Please suggest a quick fix that will work for all functions/procedures.

I will not be able to use Mathematica in the future if this problem is not fixed.

21 Replies

We can't help you if you don't tell use what the problem is. Just start telling us what's going on.

There are more examples, but here is my latest example with NMaximize[]:

gbdist[n, q, [Delta]_] := ParameterMixtureDistribution[BinomialDistribution[n, p], p [Distributed] BetaDistribution[ q (-1 + 1/[Delta]), ((-1 + q) (-1 + [Delta]))/[Delta]]];

loglikelihood[data, {q, [Delta]_}] := \!( *UnderoverscriptBox[([Sum]), (i = 1), (Length[data])](Log[ PDF[gbdist[data[([)(i, 1)(])], q, [Delta]], data[([)(i, 2)(])]]]))

antdata={{200, 40}, {200, 78}, {200, 97}, {200, 81}, {200, 96}}

max1 = NMaximize[{loglikelihood[antdata1, {q, [Delta]}], 0 < q < 1, 0 < [Delta] < 1}, {q, [Delta]}]

In Mathematica V 11.2: Out[26]= {-23.49, {q -> 0.370439, [Delta] -> 0.073078}}

In Mathematica V 13: General::munfl: 1.9125910^-158 (-4.167710^-216) is too small to represent as a normalized machine number; precision may be lost.

These will not copy-and-paste. I rewrote so they can be used by others.
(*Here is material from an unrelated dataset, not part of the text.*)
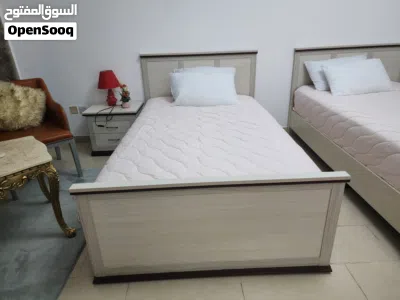 سرير بغرفة مشتركة أنيقة للبنات في سكن هادئ – النهدة، الشارقة Elegant Shared Room for Girls al nahda 2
gbdist[n, q, del_] := ParameterMixtureDistribution[BinomialDistribution[n, p], Distributed[p, BetaDistribution[q (-1 + 1/del), ((-1 + q) (-1 + del))/del]]]

loglikelihood[data, {q, del_}] := Sum[Log[PDF[gbdist[data[[i, 1]], q, del], data[[i, 2]]]], {i, Length[data]}]

antdata = {{200, 40}, {200, 78}, {200, 97}, {200, 81}, {200, 96}}

max1 = NMaximize[{loglikelihood[antdata, {q, del}], 0 < q < 1, 0 < del < 1}, {q, del}]

As noted, this gives messages. Not noted,but more important, is that it returns unevaluated (which of course is bad). As suggested by @MarvinRayBurns, the following variant gives a viable result.

max1 = NMaximize[{loglikelihood[antdata, {q, del}], 0 < q < 1, 0 < del < 1}, {q, del}, WorkingPrecision->20]

A bug report has been filed about this.

Why limit NMaximize to machine precision? You might want to try the option WorkingPrecision. Like

         NMaximize[Cos[x^2 - 3 y] + Sin[x^2 + y^2], {x, y},WorkingPrecision -> 20]

.

Thank you Marvin and Daniel.

As noted by Daniel it now works.

I hope I can use the same modification in similar problems.

Daniel, I understand from your response that in the future Mathematica will automatically increase working precision instead of not evaluating the expression. Is that correct?

Christian

Dear Christian,

What changed in 11.3 is that Mathematica has aligned the workings of machine precision arithmetic to the rest of the industry, in that machine precision underflows no longer trigger an exception and a fall-back to Mathematica's extended precision arithmetic, but instead machine precision underflows flush to zero.

For example, using SciPy:

In [12]: scipy.stats.distributions.norm.pdf(39.0) # PDF flushes to zero
Out[12]: 0.0

In [13]: scipy.stats.distributions.norm.logpdf(39.0) # solution: use logPDF
Out[13]: -761.4189385332047

With this in mind, your example can be easily made to work should you have replaced Log[PDF[dist, x]] with LogLikelihood[dist, {x}].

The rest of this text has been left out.